The eSports ecosystem is similar to the structures of traditional sports, with the main stakeholders being players, teams, leagues, organisers of competitions, sponsors, broadcasters, advertisers, betting companies and (emerging) governing bodies. The main difference versus “bat and ball” sports consists in the all-pervasive role of the game developer or publisher, who enjoys intellectual property (IP) rights in relation to most aspects of the game. Publishers can deploy these IP rights to establish and change the rules of the game at their discretion. They can also control access to their intellectual property, i.e. which teams and players may compete in their game and which entities can organise, broadcast and distribute tournaments, as well as how and where.

In this blog post, we analyse some of the areas in which these two aspects of the eSports industry might clash with EU competition law and explain why the principles developed for traditional sports cannot always be applied neatly to resolve these issues.1

Market Definition

In traditional sports, markets have been defined around a single sport – football, cycling, swimming, etc. Within a particular sport, competition authorities have identified standalone markets for specific activities like events organisation, broadcasting, and transfers of players. The basic similarity of stakeholders in eSports suggests that the same approach could be taken in eSports and that narrow product markets will be delineated for a particular game.
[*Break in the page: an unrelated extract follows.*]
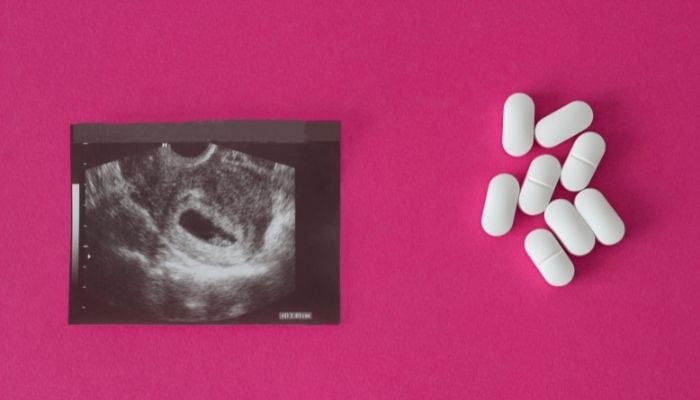 Representational image for abortions. — Canva/file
Indeed, eSports competitions are also organised for individual games and players tend to specialise in one game only. Studies have shown that viewers are unlikely to switch between eSports given their attachment to specific teams and/or players and the complexity of learning new rules. Moreover, the market for a single game can be further sub-divided into various vertical markets or segments depending on specific activities – organisation of competitions, broadcasting, teams, transfers of players, advertisement, viewers, viewer/user data, and selling the game outside of professional competitions.

However, it is important not to lose sight of the separate market for the sale of the games which is strongly linked to eSports. On this market, publishers fiercely compete with each other, not least on innovation. It could be argued that this rivalry is sufficient to discipline the conduct of the publisher and other market agents within the ecosystem of a particular eSport. Given the relatively short life cycle of most video games, any market power concerns will often be transitory, especially when compared to established traditional sports like football. This speaks in favour of a broader market where different eSports are seen to compete with each other.

In terms of the geographic scope of the eSports market, it can be argued that it is worldwide. Events can be arranged online only (although arguably less effectively) with no need for players or audience to be physically present. Online streaming means that there is no need to enter into contracts with national broadcasters. However, it is possible that narrower geographical markets could be defined e.g. where leagues/events are organised on a national or European basis or if streaming is geo blocked or as a result of regulatory barriers.

The Role of IP

While in conventional sports the powerful governing bodies (such as FIVB in volleyball or UCI in cycling) can, to varying extents, control the organisation of events, they are not able to go so far as banning individuals from playing volleyball in their garden or cycling on their own property. By contrast, any use of a video game, whether in competition or otherwise, is subject to the intellectual property rights of the publisher that has developed it. The game publisher could, if it so wished, impose a perpetual ban on any individual from ever playing its games.

Not only organisers, but virtually all downstream actors (players, teams, broadcasters, viewers, advertisers) depend on the publishers for permission to use the respective IP rights. This means that IP rights holders can control access to these activities as well as the conduct of all downstream actors in ways that may raise abuse of dominance issues (Article 102 TFEU). In EU law, the existence of an IP right as such does not infringe competition law. However, competition law can be applied to inhibit the exercise of such rights to foreclose competition.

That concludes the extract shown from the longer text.